__Input__

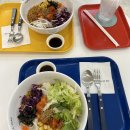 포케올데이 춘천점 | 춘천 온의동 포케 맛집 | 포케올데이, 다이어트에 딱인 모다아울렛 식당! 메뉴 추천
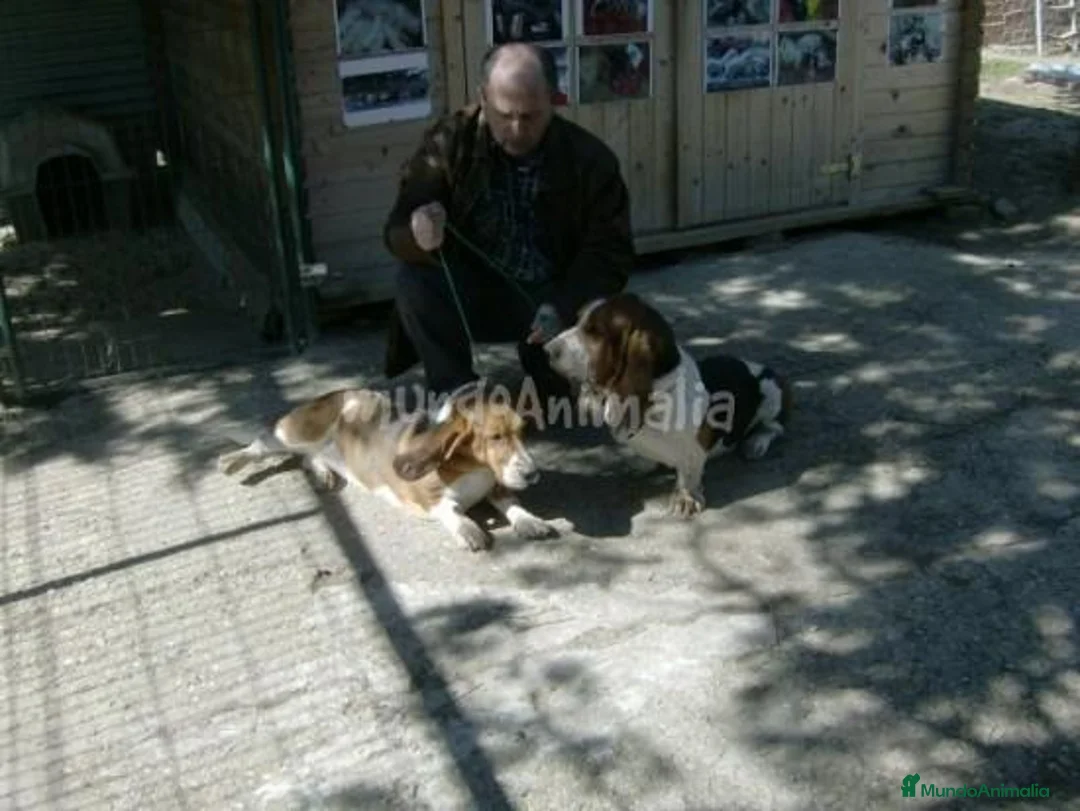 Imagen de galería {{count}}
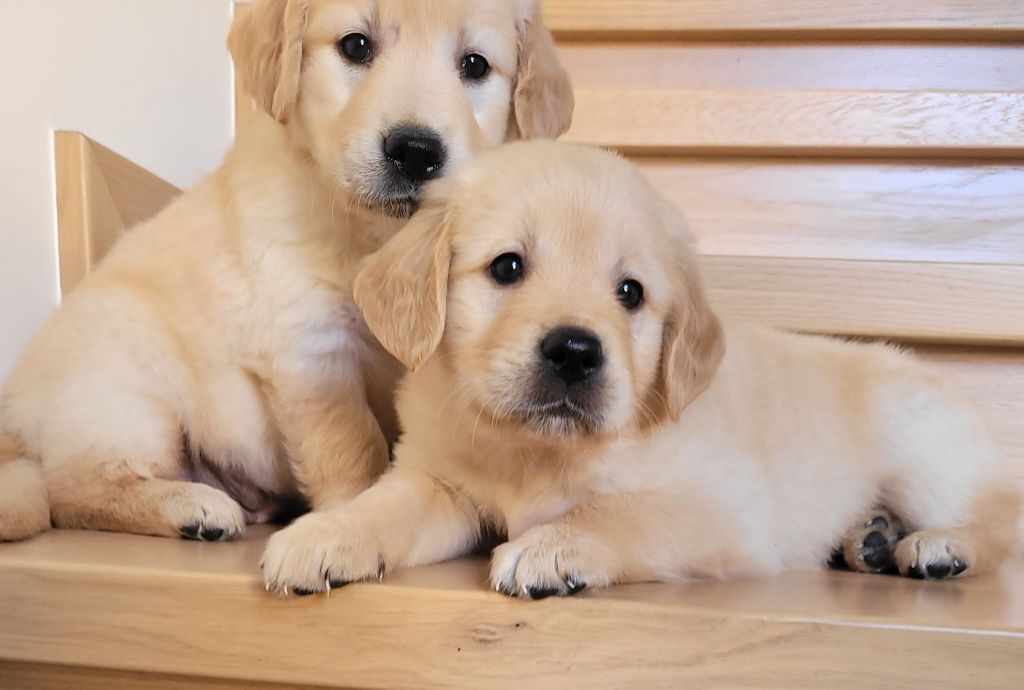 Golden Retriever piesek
* * *
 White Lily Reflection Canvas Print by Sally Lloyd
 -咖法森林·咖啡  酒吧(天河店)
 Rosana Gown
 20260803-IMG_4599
==
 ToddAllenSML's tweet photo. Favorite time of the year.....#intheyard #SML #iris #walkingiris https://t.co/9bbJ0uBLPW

__What you should do__
Return the material from the line containing "포케올데이 춘천점 |" through the line containing "Golden Retriever piesek", exactly and in full, but without its pictures.

__Solution for this task__
 포케올데이 춘천점 | 춘천 온의동 포케 맛집 | 포케올데이, 다이어트에 딱인 모다아울렛 식당! 메뉴 추천
 Imagen de galería {{count}}
 Golden Retriever piesek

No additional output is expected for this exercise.